> _YOUR ASSIGNMENT_: From the line containing "Brian's Clear Case for iPhone®" to the end of the records below, both included, every line should be repeated exactly; pictures should be dropped.

────────────────

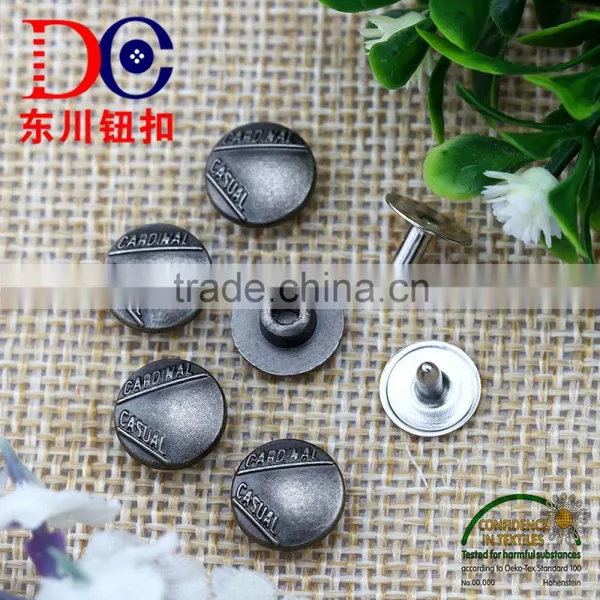 Garment Accessories Alloy Jeans Rivets Pants Rivet for Causal Clothing photo-5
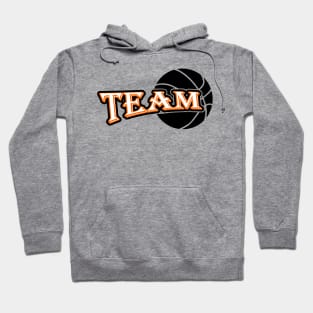 Basketball Team Hoodie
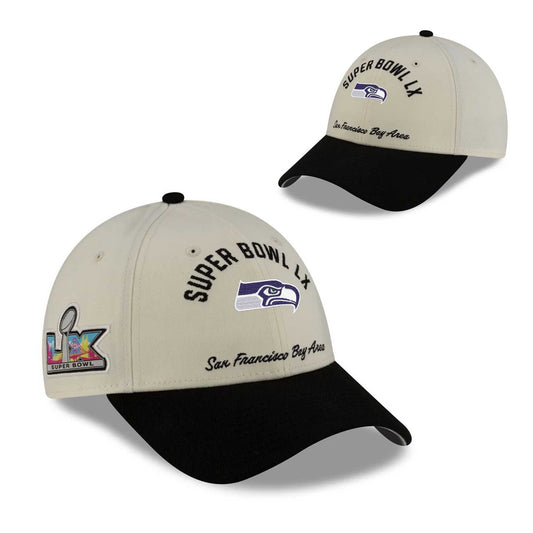 Seahawks Bowl LX San Francisco Bay Area Hat -Moonbestprint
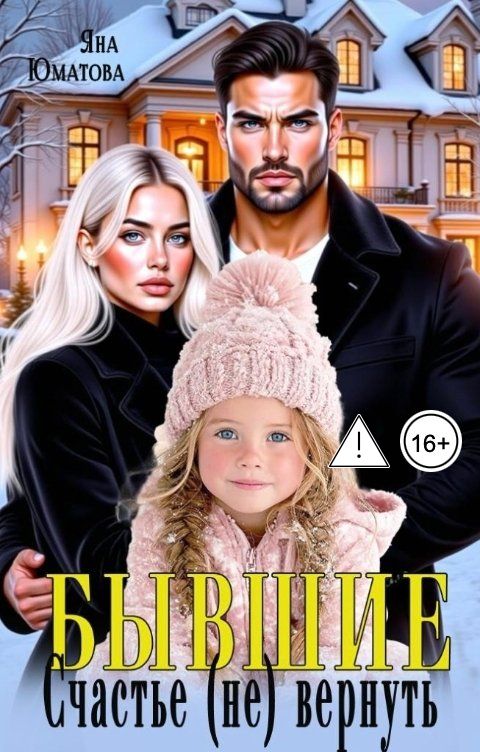 Обложка книги Яна Юматова Бывшие. Счастье (не) вернуть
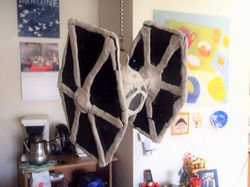 Clay Star Wars Tie Fighter
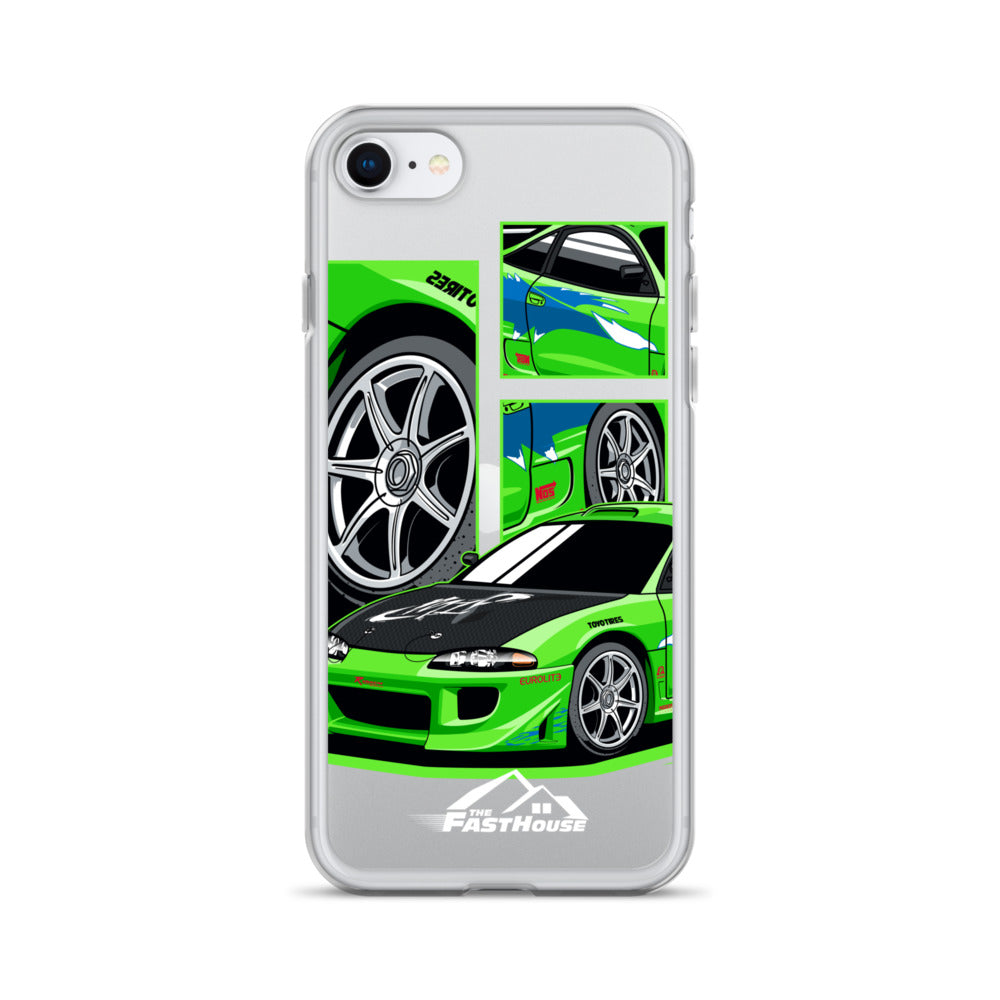 Brian's Clear Case for iPhone®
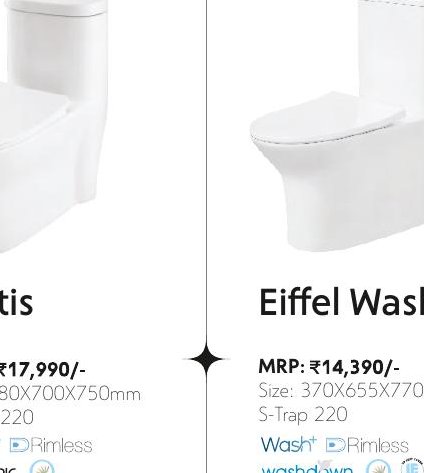 Eiffel Wash Plus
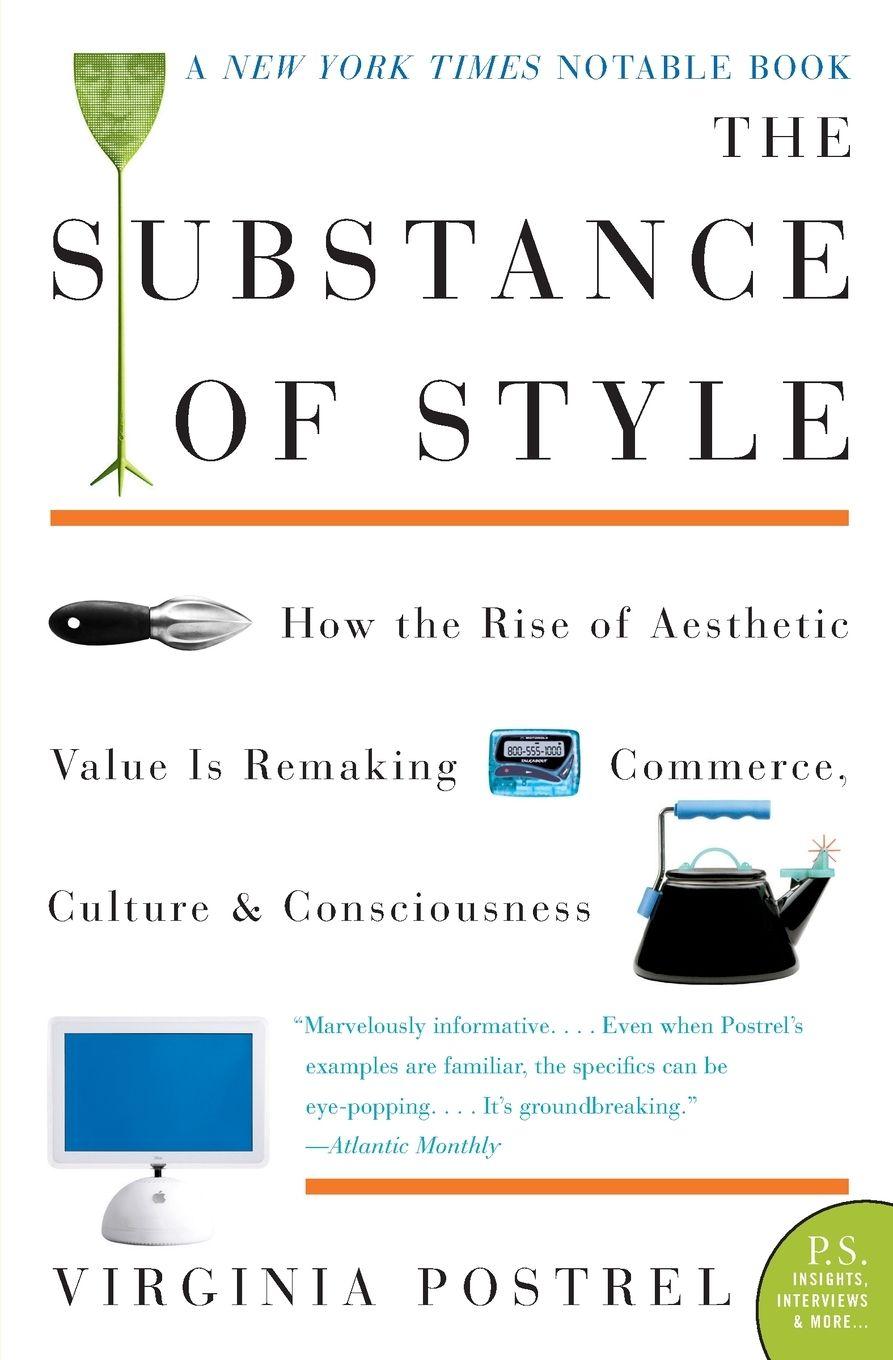 Vorderes Coverbild Substance of Style, The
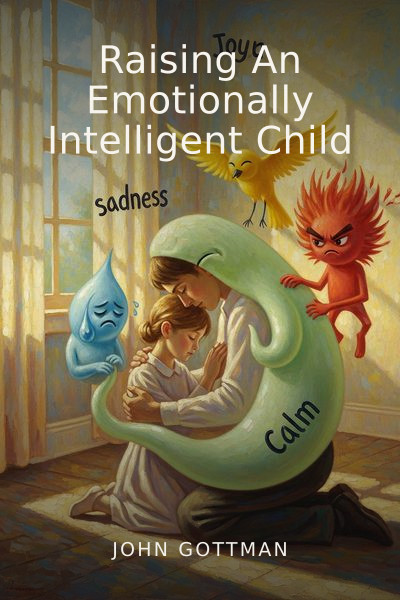Raising An Emotionally Intelligent Child cover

────────────────

> _REPLY TO THE TASK_:
 Brian's Clear Case for iPhone®
 Eiffel Wash Plus
 Vorderes Coverbild Substance of Style, The
Raising An Emotionally Intelligent Child cover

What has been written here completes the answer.